Data to examine »
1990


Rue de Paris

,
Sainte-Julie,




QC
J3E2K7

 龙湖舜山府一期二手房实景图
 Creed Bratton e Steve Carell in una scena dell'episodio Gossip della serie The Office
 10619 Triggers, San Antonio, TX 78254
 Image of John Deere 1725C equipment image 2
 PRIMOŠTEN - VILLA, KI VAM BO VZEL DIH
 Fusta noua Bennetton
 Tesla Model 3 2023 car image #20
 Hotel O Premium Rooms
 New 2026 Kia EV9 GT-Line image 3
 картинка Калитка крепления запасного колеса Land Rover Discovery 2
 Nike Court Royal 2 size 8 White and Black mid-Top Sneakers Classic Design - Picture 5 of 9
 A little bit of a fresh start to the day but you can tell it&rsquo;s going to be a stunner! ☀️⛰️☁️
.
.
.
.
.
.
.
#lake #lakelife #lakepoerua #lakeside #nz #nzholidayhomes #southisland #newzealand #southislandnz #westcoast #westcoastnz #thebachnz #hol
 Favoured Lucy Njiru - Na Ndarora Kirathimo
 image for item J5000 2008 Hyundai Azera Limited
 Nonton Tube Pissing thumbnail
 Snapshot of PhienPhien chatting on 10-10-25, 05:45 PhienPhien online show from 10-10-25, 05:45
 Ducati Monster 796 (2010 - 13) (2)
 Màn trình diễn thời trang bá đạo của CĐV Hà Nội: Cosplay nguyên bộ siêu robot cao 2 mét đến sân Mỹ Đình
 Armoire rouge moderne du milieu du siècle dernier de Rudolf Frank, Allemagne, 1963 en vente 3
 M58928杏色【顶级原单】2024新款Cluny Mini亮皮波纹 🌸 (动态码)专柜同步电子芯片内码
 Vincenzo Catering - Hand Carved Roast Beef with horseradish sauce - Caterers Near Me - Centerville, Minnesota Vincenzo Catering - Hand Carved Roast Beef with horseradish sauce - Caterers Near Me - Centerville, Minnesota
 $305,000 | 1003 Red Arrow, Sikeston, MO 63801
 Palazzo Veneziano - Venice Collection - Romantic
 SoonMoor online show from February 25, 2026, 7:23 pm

Problem details » Could you please find every line of the listing above holding the string "show" and copy it?

Your solution »
 Snapshot of PhienPhien chatting on 10-10-25, 05:45 PhienPhien online show from 10-10-25, 05:45
 SoonMoor online show from February 25, 2026, 7:23 pm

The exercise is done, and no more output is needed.